L’obésité touche aujourd’hui 17% des adultes en France (source INSERM)

Source : Enquête épidémiologique nationale sur le surpoids et l’obésité

Sur les articulations

Une alimentation riche en sucre peut conduire à une acidose et causer des inflammations articulaires, comme l’arthrose et l’arthrite. 

Sur le pancréas

Le sucre est aussi en partie responsable de l’explosion du diabète de type 2. Il a notamment été démontré que l’obésité abdominale était un facteur de risque important de diabète. En effet la consommation excessive de sucre entraine un épuisement du pancréas pour gérer les pics d’insuline et à terme une insulino-résistance – S’enchaine alors une cascade de réactions produisant du stress oxydatif, qui va favoriser la création de radicaux libres et ainsi perturber la régulation cellulaire.

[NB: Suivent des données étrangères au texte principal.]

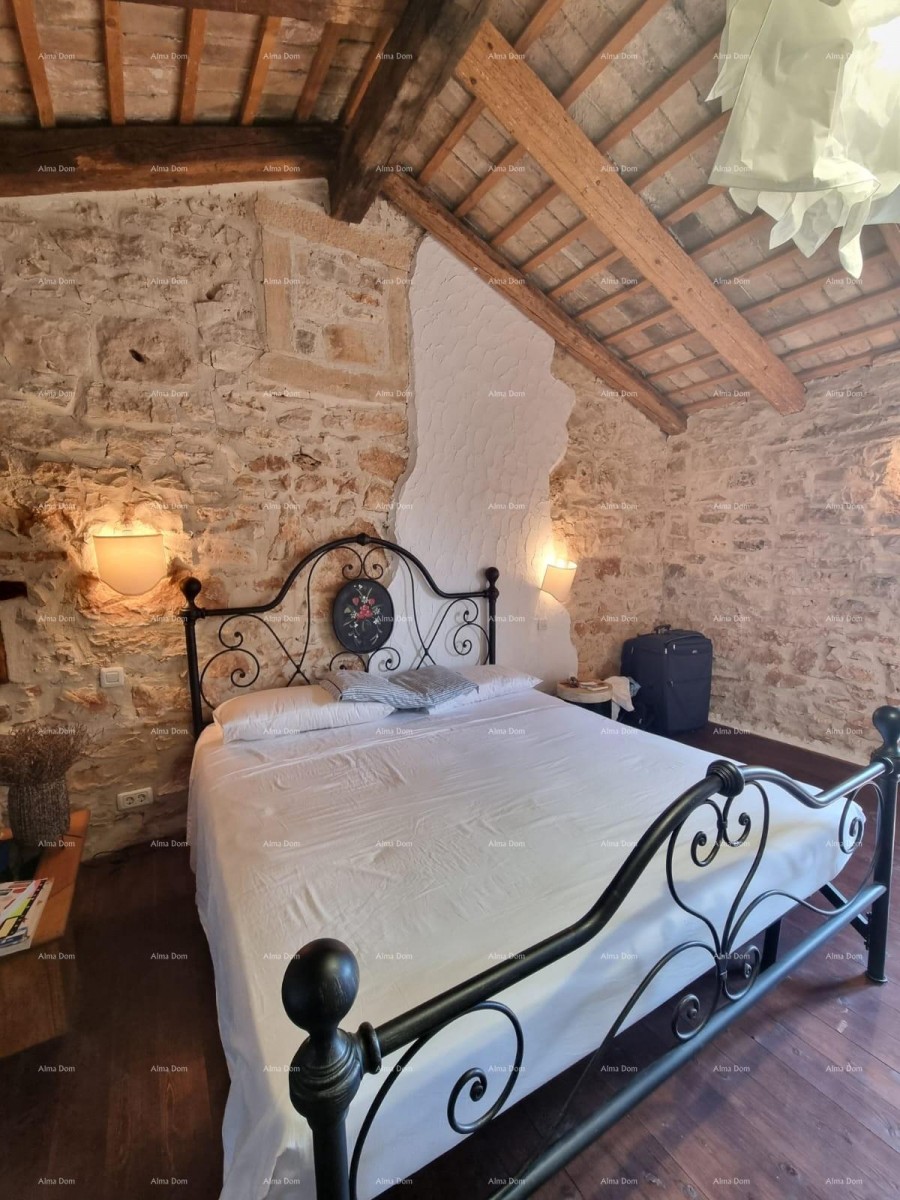 Fažana Valbandon. 7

Sur le système cardiovasculaire 

La consommation excessive de sucre raffiné, notamment de fructose, conduit à une augmentation des triglycérides et du cholestérol, qui peuvent évoluer vers des maladies cardiovasculaires et de l’hypertension artérielle.

Sur la sphère digestive

Dans l’intestin, le sucre favorise la fermentation, conduisant ainsi à des dysbioses et créant un milieu propice au développement de mycoses intestinales (notamment des candidoses avec le candida albican) et le développement de cellules cancéreuses.

Sur la peau 

En caramélisant avec les protéines (via la réaction de Maillard), le fructose accroit le stress oxydatif et participe à l’endommagement des cellules de tout le corps, notamment celle de la peau : il contribue ainsi à la destruction du collagène et de l’élastine, et accentue les marques du vieillissement cutané (les rides pour ne pas les citer 😊)

Sur le foie

Le fructose est métabolisé dans le foie sous forme de graisse – En excès, il conduit à une inflammation chronique, pouvant aller jusqu’à la cirrhose, la maladie du soda ou NASH.

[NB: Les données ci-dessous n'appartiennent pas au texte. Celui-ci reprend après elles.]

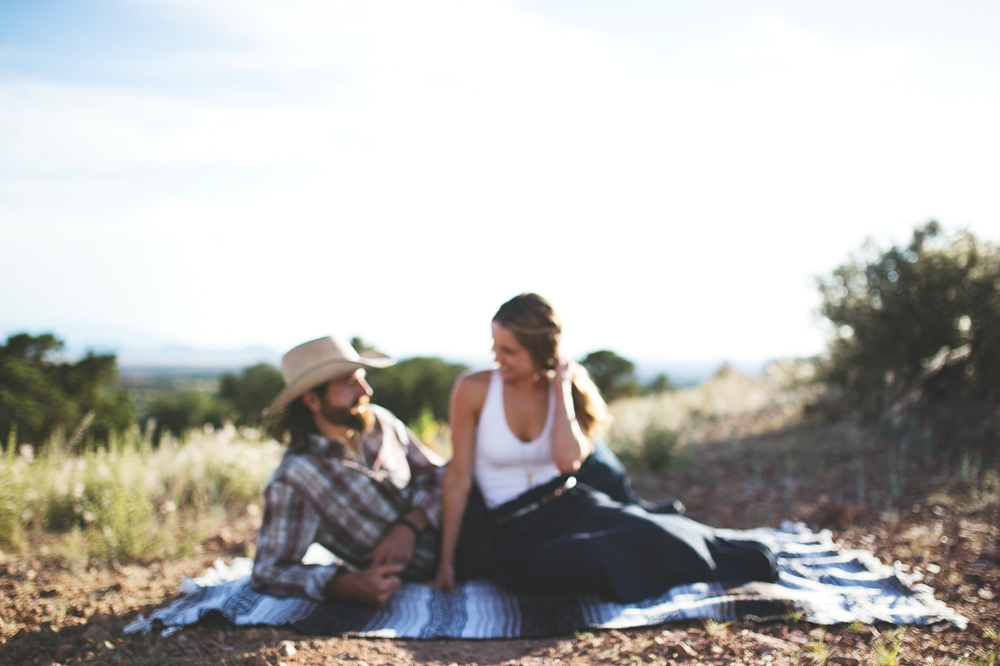 Santa Fe Wedding Engagement | Liz Anne Photography 08.jpg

En France, près d’un Français sur cinq (18,2%) présente un excès de graisse dans le foie

Sur le cerveau 

L’excès de sucre, en créant une inflammation chronique et des troubles digestifs, peut conduire à une irritation du système nerveux – et avoir un impact sur les capacités cognitives comme la mémoire, la concentration mais aussi sur l’hyperactivité ou les troubles neurologiques.

 

De plus, dans le cas où les cellules développent une résistance à l’insuline, le risque de développer en parallèle une résistance au stockage du magnésium est accrue, entrainant des troubles du sommeil, du stress, ou des dépressions

Y a-t-il des bons et des mauvais sucres ?

On sait aujourd’hui que l’index glycémique (IG) est un facteur santé important à prendre en compte. Cet IG permet de savoir si un aliment va rapidement faire monter le taux d’insuline dans le sang ou pas. Lorsque le taux de sucre dans le sang baisse beaucoup, la sensation de faim augmente. Des aliments avec un fort IG auront donc tendance à nous faire grignoter. Mais l’index glycémique dépend de nombreux facteurs, comme le temps de cuisson, le mode de cuisson, la température. Une pomme de terre cuite à la vapeur et consommée froide aura un index glycémique moins important qu’une pomme de terre consommée chaude.

Les sucres rapides sont assimilés très rapidement par l’organisme, et sont susceptibles de nous donner faim plus rapidement, provoquant même « in fine » une baisse d’énergie.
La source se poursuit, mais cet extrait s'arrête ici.